The basketball they played was very different than the game I see on TV. Since traveling and double dribble were rarely called, and fouls never were, passing wasn't really necessary or helpful. The main focus was shooting. In those days, only a few children were able to even make a basket. The ones who could were the stars.
If you couldn't make a basket, you couldn't really help the team out.
Sometimes, I'm afraid churches can be like that. People who have certain abilities are the "really important" stars. We pay them great attention at the expense of others. We love the teachers and the musicians. We are drawn to the "leaders". We are quick to honor those whose gifts lend themselves to public usage.
This was never God's design for His church. I am convinced one of the church's most important roles is helping people identify their gifts and enabling them to use them. Jesus had a really good plan for his church, and the Holy Spirit can be a really good coach if we let Him.

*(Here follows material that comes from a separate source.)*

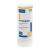 VIRBAC Pyoderm - shampoo for dogs and cats - 250 ml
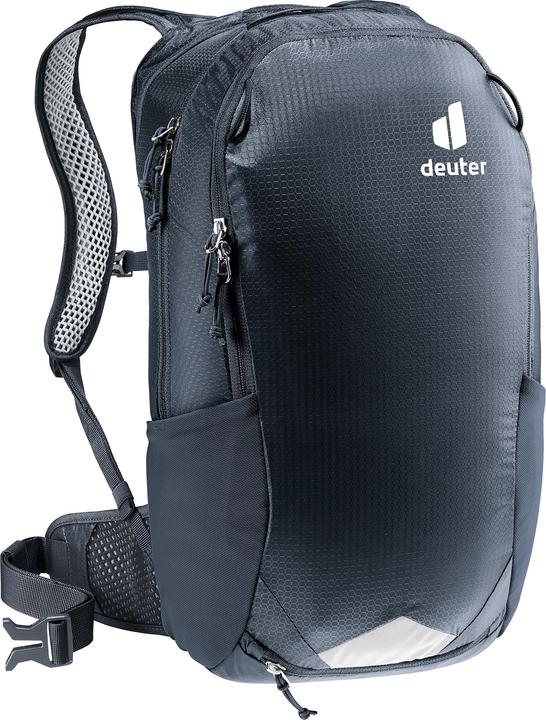 Produktbild Deuter Race Air 14+3 (17 l)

Real basketball is a team game. Everyone has different skills and abilities. Dribbling and passing and defense and rebounding and screening and cutting and yada,yada,yada are all hugely important. Without them, the shooters are useless.
In church, the funny people and the sensitive people and the merciful people and the excitable people and the question-asking people and the mechanical people and the technical people and the yada,yada,yada people are all hugely important. Without them, the pastors are useless.
God’s various gifts are handed out everywhere; but they all originate in God’s Spirit. God’s various ministries are carried out everywhere; but they all originate in God’s Spirit. God’s various expressions of power are in action everywhere; but God himself is behind it all. Each person is given something to do that shows who God is: Everyone gets in on it, everyone benefits. All kinds of things are handed out by the Spirit, and to all kinds of people! The variety is wonderful! (1 Cor. 12:4-7 MSG)
God gives all of us gifts. He gives us different gifts in different amounts and He expects us to use those gifts as He would. Your money is a gift from God. Your possesions are a gift from God. Your time is a gift from God. Your family is a gift from God. Your passions are a gift from God. Your abilities are a gift from God. You must choose whether to use your gifts to serve yourself or to serve God's kingdom.
You are and important part of the team. You have the gifts the team needs to win. Don't be afraid to jump in and contribute.